• **EXERCISE PROMPT**
With pictures left out, copy exactly every line from the one containing "Disney กระเป๋า" through the end of the material.

### DATA BLOCK

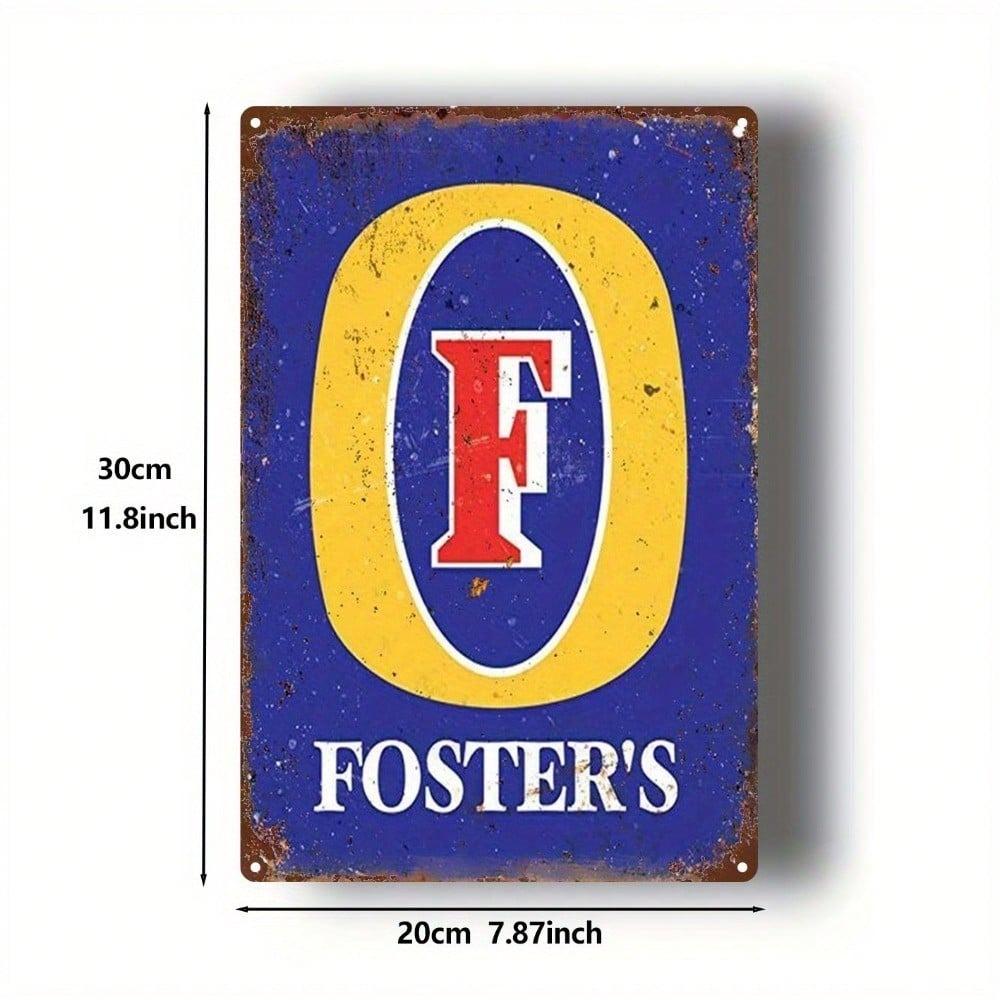 Винтажная металлическая жестяная табличка Пиво Настенное искусство Foster Lager 8x12 дюймов Декор для домашнего бара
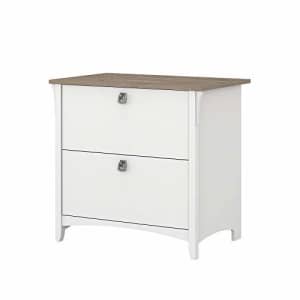 Bush Furniture Salinas Lateral 2 Cabinet Filing Drawer | Home Office Storage Organizer, Pure White for $176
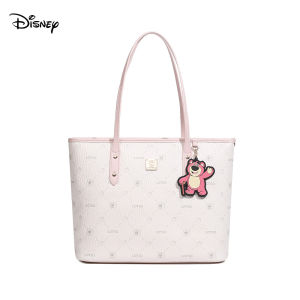 Disney กระเป๋าผู้หญิงแฟชั่นแบรนด์หมีสตรอเบอร์รี่ดิสนีย์กระเป๋าถือกระเป๋ารักแร้สีชมพูและสีขาว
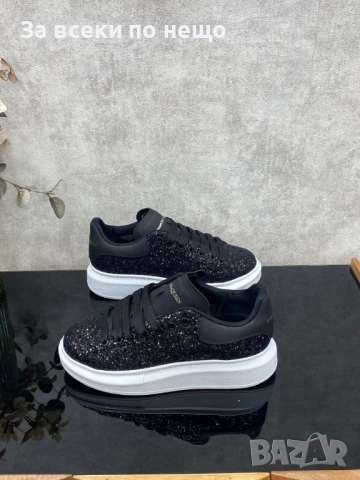 Alexander McQueen Дамски Черни Блестящи Маратонки С Бяла Подметка👟Дамски Спортни Обувки Код E852, снимка 5 - Маратонки - 51587386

######

• **RESULT OF THE EXERCISE**
 Disney กระเป๋าผู้หญิงแฟชั่นแบรนด์หมีสตรอเบอร์รี่ดิสนีย์กระเป๋าถือกระเป๋ารักแร้สีชมพูและสีขาว
 Alexander McQueen Дамски Черни Блестящи Маратонки С Бяла Подметка👟Дамски Спортни Обувки Код E852, снимка 5 - Маратонки - 51587386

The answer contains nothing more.